Basic requirements.txt to pyproject.toml

Learn how to convert a simple requirements.txt file with basic package names and version pins to the pyproject.toml dependencies format defined by PEP 621.

Getting Started

Detailed Explanation

Converting a basic requirements.txt to pyproject.toml is the most common migration task for Python projects adopting modern packaging standards. A simple requirements.txt lists one package per line, optionally with a version specifier.

Example requirements.txt:

requests==2.31.0
flask>=3.0
pydantic

Converted to pyproject.toml:

[project]
name = ""
version = "0.1.0"
requires-python = ">=3.8"

dependencies = [
    "requests==2.31.0",
    "flask>=3.0",
    "pydantic",
]

Key differences in the format:

  1. String quoting. Each dependency in pyproject.toml must be enclosed in double quotes and placed inside a TOML array.
  2. Trailing commas. TOML allows trailing commas in arrays, making it easy to add or remove entries.
  3. Project metadata. pyproject.toml requires additional fields like name, version, and requires-python that don't exist in requirements.txt.
  4. Section headers. Dependencies live under the [project] table in pyproject.toml, not as a flat list.
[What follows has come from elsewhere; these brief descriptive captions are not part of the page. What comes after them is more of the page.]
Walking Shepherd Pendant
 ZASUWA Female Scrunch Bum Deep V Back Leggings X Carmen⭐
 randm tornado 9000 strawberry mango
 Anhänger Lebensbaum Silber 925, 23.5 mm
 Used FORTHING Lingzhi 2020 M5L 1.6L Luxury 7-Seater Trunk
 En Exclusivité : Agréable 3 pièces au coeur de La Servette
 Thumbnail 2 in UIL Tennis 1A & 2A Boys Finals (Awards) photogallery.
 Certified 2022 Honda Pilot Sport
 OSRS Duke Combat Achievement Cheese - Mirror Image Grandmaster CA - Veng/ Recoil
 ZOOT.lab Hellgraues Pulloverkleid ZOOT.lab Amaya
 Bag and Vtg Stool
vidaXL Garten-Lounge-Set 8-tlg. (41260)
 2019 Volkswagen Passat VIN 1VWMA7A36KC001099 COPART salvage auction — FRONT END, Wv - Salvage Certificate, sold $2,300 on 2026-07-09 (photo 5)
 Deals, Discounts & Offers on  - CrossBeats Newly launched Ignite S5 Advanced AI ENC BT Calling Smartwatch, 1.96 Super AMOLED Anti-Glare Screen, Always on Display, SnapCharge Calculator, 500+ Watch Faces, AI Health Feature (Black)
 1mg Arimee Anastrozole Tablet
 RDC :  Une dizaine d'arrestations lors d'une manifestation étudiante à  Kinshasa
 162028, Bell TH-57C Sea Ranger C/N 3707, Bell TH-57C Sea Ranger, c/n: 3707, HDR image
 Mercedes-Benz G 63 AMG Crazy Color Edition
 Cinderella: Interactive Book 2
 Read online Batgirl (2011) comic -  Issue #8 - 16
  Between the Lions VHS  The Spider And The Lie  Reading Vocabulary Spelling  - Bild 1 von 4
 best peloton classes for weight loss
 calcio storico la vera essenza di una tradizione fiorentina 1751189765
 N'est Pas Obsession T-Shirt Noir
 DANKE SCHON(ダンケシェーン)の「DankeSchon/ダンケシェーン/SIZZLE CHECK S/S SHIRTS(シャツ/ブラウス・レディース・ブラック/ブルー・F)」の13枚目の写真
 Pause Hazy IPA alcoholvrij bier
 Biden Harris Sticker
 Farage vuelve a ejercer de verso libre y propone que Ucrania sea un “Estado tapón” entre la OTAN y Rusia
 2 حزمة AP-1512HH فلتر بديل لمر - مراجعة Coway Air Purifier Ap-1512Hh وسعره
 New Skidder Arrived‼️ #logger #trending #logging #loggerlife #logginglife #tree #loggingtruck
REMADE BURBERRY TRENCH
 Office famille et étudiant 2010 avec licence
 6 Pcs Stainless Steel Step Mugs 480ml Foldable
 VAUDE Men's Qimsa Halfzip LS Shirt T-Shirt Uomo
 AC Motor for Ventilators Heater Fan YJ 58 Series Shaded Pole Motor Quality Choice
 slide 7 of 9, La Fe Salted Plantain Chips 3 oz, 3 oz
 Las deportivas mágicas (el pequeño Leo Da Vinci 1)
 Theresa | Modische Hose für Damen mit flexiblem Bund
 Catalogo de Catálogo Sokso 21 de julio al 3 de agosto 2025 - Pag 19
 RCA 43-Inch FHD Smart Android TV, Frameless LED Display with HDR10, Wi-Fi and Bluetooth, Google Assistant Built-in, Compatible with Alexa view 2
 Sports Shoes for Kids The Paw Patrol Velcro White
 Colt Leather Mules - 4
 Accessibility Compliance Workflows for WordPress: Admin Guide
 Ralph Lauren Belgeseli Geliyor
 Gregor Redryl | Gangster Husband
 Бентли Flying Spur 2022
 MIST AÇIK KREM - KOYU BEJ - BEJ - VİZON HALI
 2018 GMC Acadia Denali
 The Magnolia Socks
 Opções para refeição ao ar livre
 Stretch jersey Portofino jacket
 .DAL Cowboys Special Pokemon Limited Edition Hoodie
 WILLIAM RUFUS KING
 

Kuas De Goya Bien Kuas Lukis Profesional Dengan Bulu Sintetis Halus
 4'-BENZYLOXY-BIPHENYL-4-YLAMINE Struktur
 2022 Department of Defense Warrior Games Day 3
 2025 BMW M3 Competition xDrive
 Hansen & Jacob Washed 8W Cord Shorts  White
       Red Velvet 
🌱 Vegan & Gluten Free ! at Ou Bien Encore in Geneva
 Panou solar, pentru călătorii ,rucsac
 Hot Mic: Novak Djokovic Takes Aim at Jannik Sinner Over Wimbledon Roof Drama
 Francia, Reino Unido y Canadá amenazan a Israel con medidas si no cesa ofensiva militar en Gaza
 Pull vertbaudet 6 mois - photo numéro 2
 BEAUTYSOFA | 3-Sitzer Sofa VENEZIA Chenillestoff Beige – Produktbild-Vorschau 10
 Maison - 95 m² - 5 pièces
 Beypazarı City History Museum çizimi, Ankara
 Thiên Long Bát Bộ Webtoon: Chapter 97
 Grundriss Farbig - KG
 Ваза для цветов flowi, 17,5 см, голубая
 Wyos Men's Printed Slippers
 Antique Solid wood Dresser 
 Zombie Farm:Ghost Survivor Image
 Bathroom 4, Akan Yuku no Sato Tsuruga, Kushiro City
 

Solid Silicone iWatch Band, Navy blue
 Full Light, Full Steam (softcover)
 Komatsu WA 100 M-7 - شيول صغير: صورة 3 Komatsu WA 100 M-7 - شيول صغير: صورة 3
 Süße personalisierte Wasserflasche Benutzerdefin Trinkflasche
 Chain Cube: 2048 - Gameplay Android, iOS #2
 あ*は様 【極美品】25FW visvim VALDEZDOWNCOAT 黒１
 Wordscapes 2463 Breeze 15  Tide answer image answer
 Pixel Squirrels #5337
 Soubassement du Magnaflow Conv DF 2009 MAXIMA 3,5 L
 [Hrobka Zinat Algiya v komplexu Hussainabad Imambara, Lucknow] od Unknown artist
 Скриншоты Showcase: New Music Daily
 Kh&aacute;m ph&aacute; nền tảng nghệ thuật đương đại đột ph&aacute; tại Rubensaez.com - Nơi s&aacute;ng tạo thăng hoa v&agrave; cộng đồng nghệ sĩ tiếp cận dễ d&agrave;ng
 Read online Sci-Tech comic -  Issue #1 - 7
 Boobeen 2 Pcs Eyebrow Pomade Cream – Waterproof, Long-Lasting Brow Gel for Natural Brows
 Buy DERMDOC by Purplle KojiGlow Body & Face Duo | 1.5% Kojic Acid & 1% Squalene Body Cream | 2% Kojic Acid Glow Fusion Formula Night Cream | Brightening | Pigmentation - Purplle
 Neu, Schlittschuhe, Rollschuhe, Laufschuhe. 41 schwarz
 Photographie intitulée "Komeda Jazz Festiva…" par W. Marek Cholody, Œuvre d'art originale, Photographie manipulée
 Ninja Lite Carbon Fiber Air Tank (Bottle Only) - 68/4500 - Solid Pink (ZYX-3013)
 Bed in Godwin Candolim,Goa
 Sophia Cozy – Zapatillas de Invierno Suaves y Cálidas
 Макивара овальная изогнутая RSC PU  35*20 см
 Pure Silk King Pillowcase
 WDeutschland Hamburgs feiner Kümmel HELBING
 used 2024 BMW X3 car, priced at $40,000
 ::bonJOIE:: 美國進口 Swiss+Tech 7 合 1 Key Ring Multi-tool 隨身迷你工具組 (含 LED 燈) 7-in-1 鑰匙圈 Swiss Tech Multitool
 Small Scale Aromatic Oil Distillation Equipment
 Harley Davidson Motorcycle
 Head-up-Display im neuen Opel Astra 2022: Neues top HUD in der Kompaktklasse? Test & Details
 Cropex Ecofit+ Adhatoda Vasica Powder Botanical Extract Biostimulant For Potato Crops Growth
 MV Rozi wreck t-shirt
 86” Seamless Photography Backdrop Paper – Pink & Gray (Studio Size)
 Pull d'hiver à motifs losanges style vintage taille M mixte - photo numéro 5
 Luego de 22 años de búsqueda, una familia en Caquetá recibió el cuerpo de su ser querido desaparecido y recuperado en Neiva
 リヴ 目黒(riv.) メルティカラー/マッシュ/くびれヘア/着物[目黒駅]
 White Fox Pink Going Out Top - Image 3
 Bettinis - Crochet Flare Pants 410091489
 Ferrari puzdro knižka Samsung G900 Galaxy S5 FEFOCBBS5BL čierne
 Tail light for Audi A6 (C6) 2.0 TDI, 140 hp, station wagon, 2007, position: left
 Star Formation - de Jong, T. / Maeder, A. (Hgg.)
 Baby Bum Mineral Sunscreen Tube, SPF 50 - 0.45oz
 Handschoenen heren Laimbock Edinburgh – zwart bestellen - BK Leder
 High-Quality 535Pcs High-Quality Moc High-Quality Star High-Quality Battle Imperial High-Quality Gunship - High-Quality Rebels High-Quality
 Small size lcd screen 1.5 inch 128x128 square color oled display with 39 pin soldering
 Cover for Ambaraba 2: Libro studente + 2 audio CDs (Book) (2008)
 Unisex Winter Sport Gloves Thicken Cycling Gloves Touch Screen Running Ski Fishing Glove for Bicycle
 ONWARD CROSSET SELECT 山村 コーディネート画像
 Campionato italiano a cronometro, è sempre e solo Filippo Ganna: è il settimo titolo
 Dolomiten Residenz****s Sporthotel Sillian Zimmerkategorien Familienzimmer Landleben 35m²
The PEP 621 format is now supported by all major Python build tools including pip, setuptools, hatch, flit, pdm, and poetry (with adapter). This makes migration straightforward and future-proof.

Use Case

Migrating a small Python script or library from the traditional requirements.txt format to pyproject.toml when adopting modern packaging with pip, hatch, or flit.